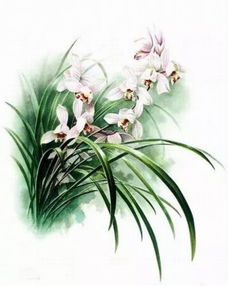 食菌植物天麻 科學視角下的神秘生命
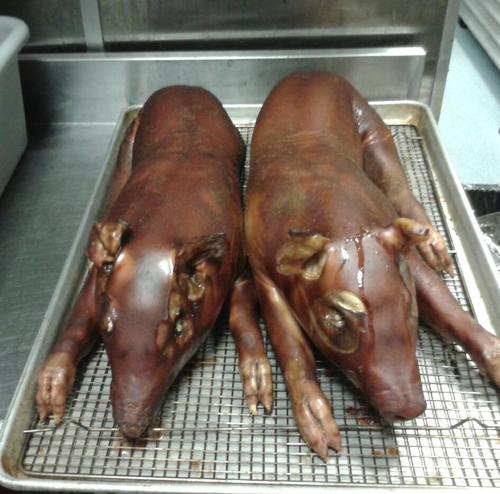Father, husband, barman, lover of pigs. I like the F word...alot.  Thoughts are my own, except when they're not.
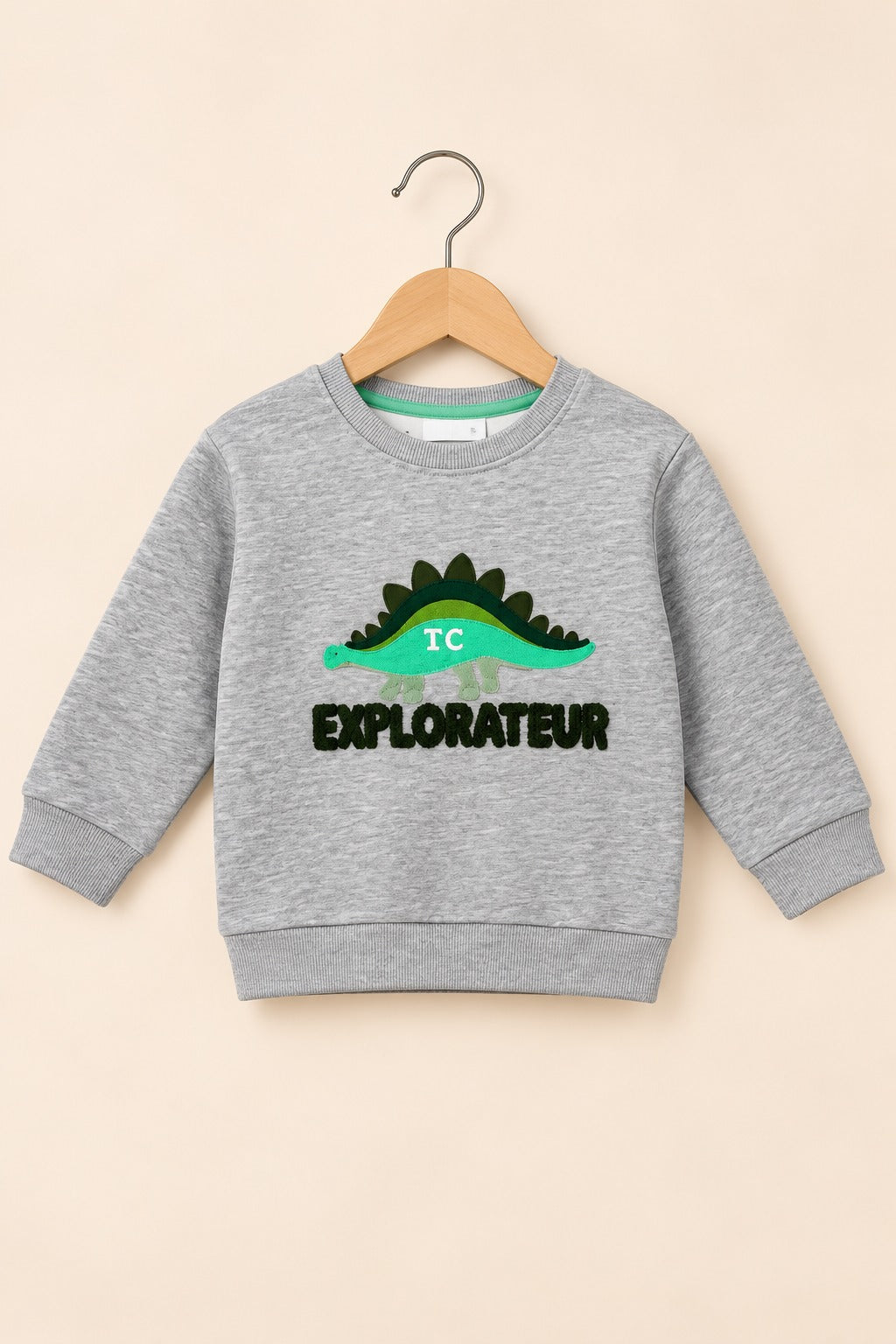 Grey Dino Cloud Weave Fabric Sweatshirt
-=-=-=-=-
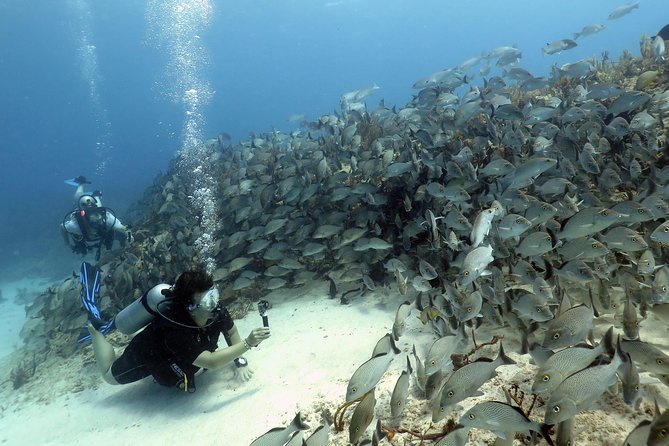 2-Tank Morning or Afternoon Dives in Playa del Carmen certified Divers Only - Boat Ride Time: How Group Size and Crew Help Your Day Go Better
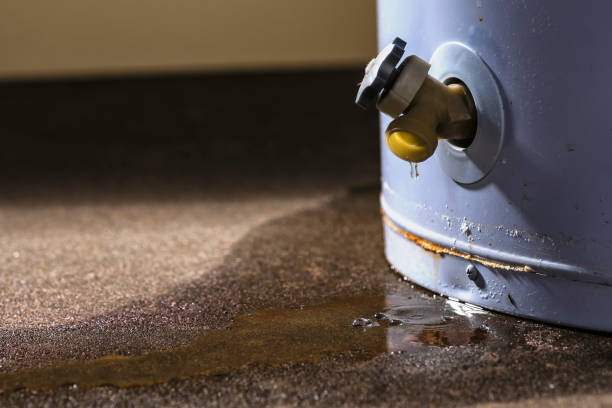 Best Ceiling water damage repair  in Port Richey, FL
-=-=-=-=-
- ASSIGNED TASK -
Give back exactly, and solely, the section of the data above bounded by the line containing "Father, husband, barman, lover" and the line containing "Grey Dino Cloud Weave Fabric Sweatshirt", both bounding lines included and pictures omitted.

- RESULT FOR THIS EXERCISE -
Father, husband, barman, lover of pigs. I like the F word...alot.  Thoughts are my own, except when they're not.
 Grey Dino Cloud Weave Fabric Sweatshirt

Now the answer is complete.